-- PROBLEM --
Each record should be given again exactly, and any picture in it left out.

[Text-to-region grounding data]
---

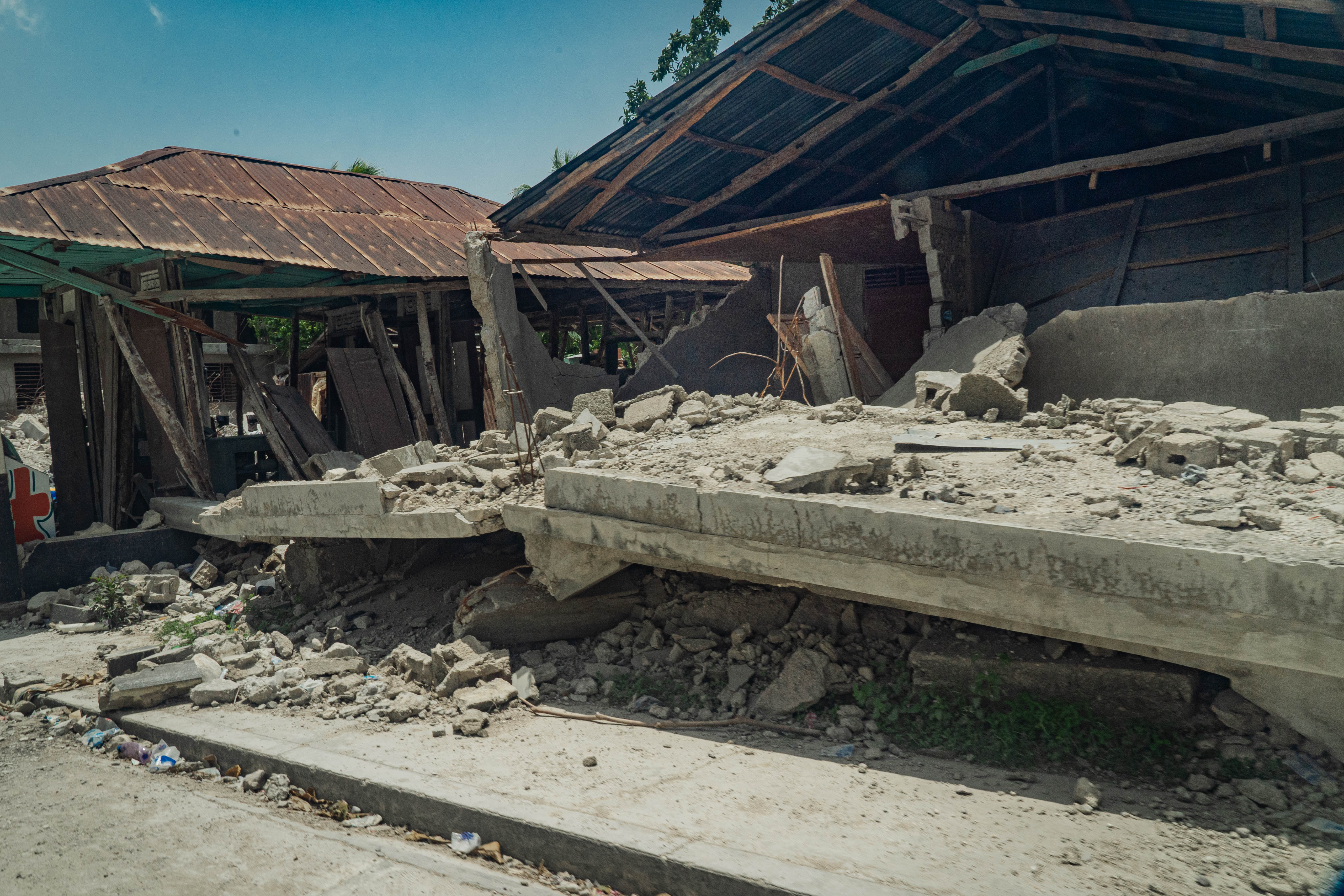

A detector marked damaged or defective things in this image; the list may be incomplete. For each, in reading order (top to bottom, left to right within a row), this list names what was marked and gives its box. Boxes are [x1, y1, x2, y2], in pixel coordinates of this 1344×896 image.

rusty corrugated metal roof [0, 148, 752, 283]
cracked concrete wall [468, 234, 618, 427]
broken concrete slab [449, 567, 642, 645]
broken concrete slab [909, 631, 1204, 731]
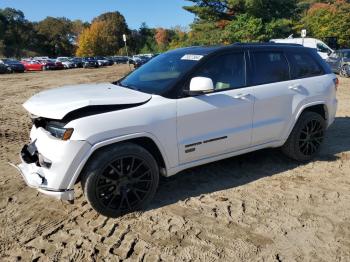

---

-- ANSWER SPACE --
A detector marked damaged or defective things in this image; the list may be incomplete. For each, in reading order (top to bottom, left to right within a row), this list names what was marked and gives its box. Boxes are [x1, y1, x2, y2], in pixel coordinates of this 1344×896 image.

rusty corrugated metal roof [0, 148, 752, 283]
cracked concrete wall [468, 234, 618, 427]
broken concrete slab [449, 567, 642, 645]
broken concrete slab [909, 631, 1204, 731]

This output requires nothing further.